People with diabetes have a higher risk of heart disease and other vascular complications that is not fully explained. This excess risk is present in children with type 1 diabetes, as well as adults with type 2 diabetes, despite the two conditions having very different aetiologies. In the first part of this project, the student will use a wide range of human genetic and genomic approaches to identify new genetic mechanisms of the causes and consequences of type 1 and type 2 diabetes, with a particular focus on the effects on the vasculature and heart. In the second part of the project the student will develop and apply predictive algorithms, involving machine learning and related approaches, to apply their findings to personalized medicine.

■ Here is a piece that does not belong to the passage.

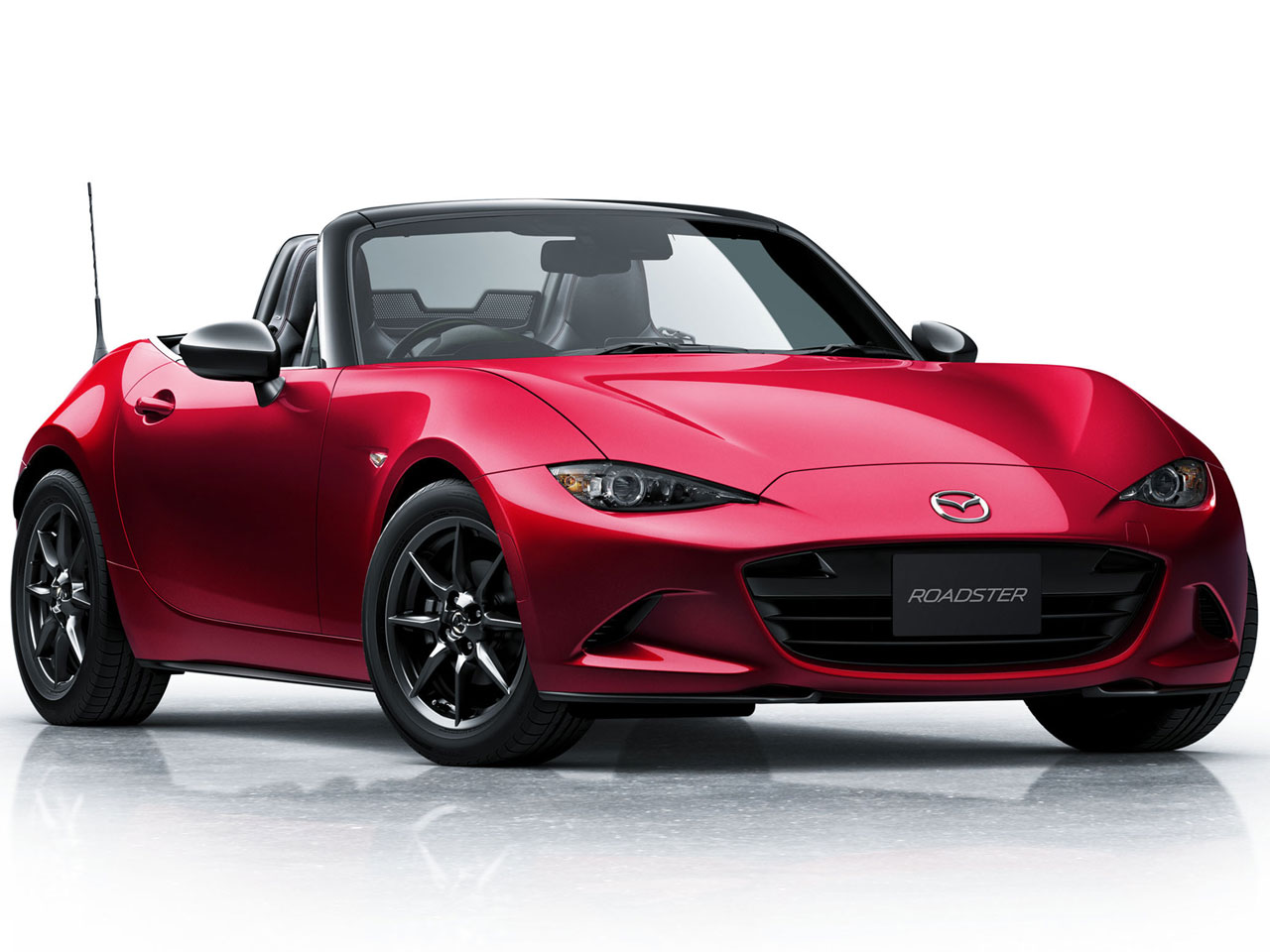 マツダ ロードスター 2015年モデル RED TOP (MT)の価格・性能・装備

There has never been a more exciting time to start a research career in human genetics and genomics. It is only since late 2023 that researchers have been able to work with the whole human genome to study common diseases. In parallel, human genetic data is starting to be used in clinical care for patients with common as well as rare disease. The student will join a team of experienced researchers (>20 successful PhD students Common Disease Genetics and Genomics ) working with this genetic data from 900000 people linked to extensive disease related information. The student will require excellent aptitude and enthusiasm for computation and statistical techniques as it involves >100 trillion datapoints, but full training in cloud computing, statistics, data analysis and “agile” approaches to team work, will be provided.
The project will be supervised by Prof. Timothy Frayling (Department of Medical and Developmental genetics) Dr Lauric Ferrat, an expert in T1D genetics, and Prof. Valeérie Schwitzgebel, a researcher clinician specialising in childhood diabetes.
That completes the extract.